=== PROBLEM REQUIREMENTS ===
Give back exactly the stretch of data below from the line holding "Sunglasses reflecting palm" through the line holding "Fototapeta Naklejka Na", both ends included, and leave the remaining lines out.

=== Brief descriptive captions ===
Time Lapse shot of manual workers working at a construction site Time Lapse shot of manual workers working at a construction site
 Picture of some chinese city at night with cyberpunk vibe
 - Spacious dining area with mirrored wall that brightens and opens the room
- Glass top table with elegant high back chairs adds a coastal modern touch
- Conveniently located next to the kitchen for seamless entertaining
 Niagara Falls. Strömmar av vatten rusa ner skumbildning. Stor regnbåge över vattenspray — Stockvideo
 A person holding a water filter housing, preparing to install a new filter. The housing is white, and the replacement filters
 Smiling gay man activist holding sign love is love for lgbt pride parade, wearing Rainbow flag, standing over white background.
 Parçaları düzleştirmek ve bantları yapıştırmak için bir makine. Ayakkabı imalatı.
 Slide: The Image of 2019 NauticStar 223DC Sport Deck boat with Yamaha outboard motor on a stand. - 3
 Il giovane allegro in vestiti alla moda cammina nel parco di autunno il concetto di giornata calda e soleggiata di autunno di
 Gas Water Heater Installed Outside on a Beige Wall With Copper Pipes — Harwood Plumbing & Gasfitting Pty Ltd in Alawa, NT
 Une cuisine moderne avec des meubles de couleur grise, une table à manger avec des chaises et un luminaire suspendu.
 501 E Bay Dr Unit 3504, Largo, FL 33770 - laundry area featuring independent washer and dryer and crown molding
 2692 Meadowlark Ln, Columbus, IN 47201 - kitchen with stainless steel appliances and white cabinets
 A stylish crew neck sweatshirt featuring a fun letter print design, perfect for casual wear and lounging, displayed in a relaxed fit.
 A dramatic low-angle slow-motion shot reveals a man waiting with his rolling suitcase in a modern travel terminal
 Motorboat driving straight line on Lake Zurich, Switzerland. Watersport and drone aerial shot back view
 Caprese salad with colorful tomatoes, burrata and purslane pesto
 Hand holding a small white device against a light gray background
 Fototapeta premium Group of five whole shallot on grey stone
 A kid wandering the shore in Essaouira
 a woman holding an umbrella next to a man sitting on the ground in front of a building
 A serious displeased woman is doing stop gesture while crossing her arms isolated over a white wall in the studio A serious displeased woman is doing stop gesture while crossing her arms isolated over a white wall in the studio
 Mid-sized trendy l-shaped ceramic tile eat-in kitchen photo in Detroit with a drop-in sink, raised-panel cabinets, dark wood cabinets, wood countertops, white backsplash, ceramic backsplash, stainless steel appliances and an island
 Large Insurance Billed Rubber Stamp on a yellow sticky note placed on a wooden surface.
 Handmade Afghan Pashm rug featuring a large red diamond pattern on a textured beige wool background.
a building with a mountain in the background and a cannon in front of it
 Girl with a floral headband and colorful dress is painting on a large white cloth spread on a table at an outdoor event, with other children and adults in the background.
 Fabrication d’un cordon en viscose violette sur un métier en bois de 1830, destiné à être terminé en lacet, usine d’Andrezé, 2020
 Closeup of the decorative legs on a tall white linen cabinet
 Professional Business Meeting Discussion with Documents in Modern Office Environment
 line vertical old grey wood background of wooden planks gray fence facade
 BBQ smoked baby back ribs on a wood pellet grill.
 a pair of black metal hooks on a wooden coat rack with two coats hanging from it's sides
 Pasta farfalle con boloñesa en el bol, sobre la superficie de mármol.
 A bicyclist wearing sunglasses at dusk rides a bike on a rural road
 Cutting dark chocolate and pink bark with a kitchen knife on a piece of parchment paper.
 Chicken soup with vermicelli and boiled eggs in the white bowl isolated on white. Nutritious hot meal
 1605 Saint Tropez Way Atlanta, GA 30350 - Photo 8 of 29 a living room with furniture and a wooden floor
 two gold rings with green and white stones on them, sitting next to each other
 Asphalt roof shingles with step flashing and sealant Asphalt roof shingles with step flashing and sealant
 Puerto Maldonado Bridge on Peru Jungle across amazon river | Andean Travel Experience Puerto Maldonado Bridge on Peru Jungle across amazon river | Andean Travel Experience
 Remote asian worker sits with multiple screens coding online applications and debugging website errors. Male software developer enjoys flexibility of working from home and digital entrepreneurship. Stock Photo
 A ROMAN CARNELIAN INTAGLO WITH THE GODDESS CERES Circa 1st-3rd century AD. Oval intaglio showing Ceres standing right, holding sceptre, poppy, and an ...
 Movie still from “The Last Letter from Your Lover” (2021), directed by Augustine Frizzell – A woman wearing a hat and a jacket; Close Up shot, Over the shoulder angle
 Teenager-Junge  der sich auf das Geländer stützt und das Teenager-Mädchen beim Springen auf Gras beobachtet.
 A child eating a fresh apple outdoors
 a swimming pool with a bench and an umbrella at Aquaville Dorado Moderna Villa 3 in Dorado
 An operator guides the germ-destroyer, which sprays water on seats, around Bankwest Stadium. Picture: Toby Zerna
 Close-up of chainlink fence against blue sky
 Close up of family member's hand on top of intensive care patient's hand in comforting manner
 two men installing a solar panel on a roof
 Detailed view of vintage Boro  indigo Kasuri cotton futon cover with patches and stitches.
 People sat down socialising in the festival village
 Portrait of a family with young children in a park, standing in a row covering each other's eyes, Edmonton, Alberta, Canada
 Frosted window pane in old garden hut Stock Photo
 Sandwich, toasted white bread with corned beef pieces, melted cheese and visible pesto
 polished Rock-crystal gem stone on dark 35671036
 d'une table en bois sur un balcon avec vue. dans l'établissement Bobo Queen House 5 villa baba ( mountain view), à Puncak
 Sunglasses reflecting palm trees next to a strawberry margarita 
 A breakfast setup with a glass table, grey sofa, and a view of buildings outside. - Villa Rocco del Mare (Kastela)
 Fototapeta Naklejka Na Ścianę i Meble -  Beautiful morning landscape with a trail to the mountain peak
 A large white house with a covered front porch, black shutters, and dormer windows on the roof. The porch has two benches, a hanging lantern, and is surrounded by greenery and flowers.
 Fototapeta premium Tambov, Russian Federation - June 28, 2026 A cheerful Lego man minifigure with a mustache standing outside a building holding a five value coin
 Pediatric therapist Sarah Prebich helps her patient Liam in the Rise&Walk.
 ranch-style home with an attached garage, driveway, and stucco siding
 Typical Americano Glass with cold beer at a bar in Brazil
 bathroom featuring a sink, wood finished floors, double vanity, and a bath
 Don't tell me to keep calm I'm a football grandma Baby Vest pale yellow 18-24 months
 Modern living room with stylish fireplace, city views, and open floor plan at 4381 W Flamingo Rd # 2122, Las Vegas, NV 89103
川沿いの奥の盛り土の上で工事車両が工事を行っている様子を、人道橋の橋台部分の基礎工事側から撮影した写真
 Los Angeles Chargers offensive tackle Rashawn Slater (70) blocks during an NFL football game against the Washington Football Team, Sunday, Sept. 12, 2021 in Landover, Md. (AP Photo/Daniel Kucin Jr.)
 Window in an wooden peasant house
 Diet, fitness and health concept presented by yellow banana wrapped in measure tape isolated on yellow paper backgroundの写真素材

=== EXERCISE SOLUTION ===
 Sunglasses reflecting palm trees next to a strawberry margarita 
 A breakfast setup with a glass table, grey sofa, and a view of buildings outside. - Villa Rocco del Mare (Kastela)
 Fototapeta Naklejka Na Ścianę i Meble -  Beautiful morning landscape with a trail to the mountain peak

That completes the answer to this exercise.